Arrigo Boito
Arrigo Boito (Padua, 24 februari 1842 – Milaan, 10 juni 1918) was een Italiaans componist en librettist.
Biografie
[bewerken | brontekst bewerken]Reeds op zijn negende jaar componeerde hij een polka gebaseerd op La donna è mobile uit La Rigoletto van Giuseppe Verdi. In 1853 ging hij naar het Conservatorio "Giuseppe Verdi" (Milaan) van Milaan, waar hij viool, klavier en compositie studeerde bij A. Mazzucato. In 1855 raakte hij bevriend met zijn medestudent Franco Faccio. Nauwelijks afgestudeerd vertrokken Boito en Faccio in 1861 naar Parijs, waar zij Gioacchino Rossini en Giuseppe Verdi ontmoetten. Hier schreef hij de tekst voor Verdi's Hymne der Naties (1862). Na zijn vertrek uit Parijs, en voordat hij naar Milaan terugkeerde, bezocht hij nog eerst Engeland, Polen (zijn moeder was van Poolse afkomst) en Duitsland, waar hij onder de indruk raakte van de werken van Richard Wagner.
Weer terug in Milaan (november 1862) sloot hij zich aan bij de revolutionaire intellectuelenbeweging Scapigliatura, in wier kringen hij een jaar of vijf verbleef. In die periode schreef hij een libretto voor Franco Faccio's opera Amleto (première: 30 mei 1865 in Genua). Samen met Faccio nam hij in 1866 als vrijwilliger dienst in de vrijheidsstrijd tegen de Oostenrijkers.

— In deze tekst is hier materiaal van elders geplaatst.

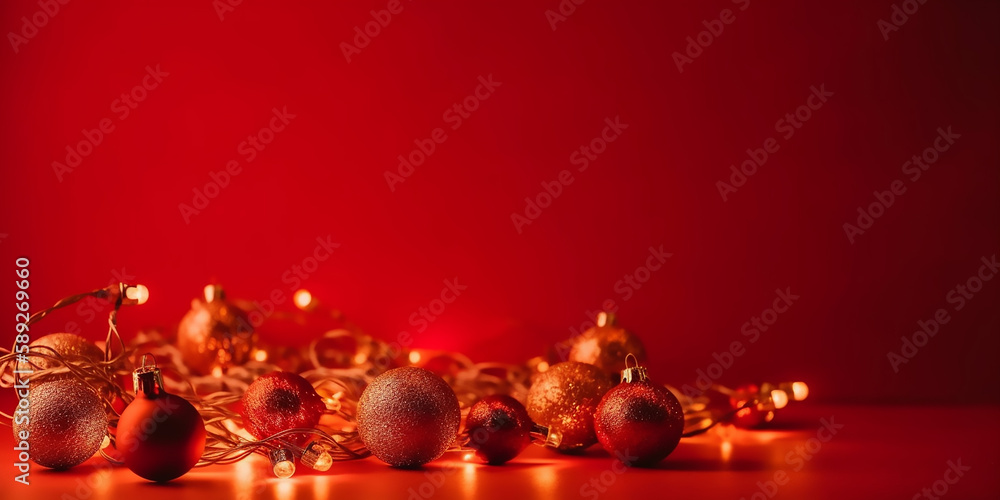 Glowing Christmas banner with shimmering lights and festive decorations Glowing Christmas banner with shimmering lights and festive decorations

De première van zijn eerste opera, Mefistofele, naar Goethes Faust, op 5 maart 1868 in het Teatro alla Scala van Milaan, werd een fiasco, maar na het werk verkort en herzien te hebben werd de nieuwe versie bij de heropvoering in 1876 in het Teatro Communale di Bologna met groot enthousiasme ontvangen en erkend als een van de meest originele Italiaanse opera's uit de negentiende eeuw. Zijn tweede opera, Nerone, waaraan hij in 1877 begon, was bij zijn dood in 1918 nog steeds onvoltooid en werd voltooid door Antonio Smareglia, Vittorio Tommasini en Arturo Toscanini (postume première: 1 mei 1924, Teatro alla Scala, Milaan).
Naast de vertaling van Wagners opera's Rienzi (1869) en Tristan und Isolde (1876) in het Italiaans, schreef hij de libretti voor La Falce van Alfredo Catalani (1875), La Gioconda van Amilcare Ponchielli (1876) en voor Verdi's Simon Boccanegra (herziene versie, 1881), diens Otello (1887) en Falstaff (1893). Zijn operalibretti schreef hij meestal onder het pseudoniem Tobia Gorrio.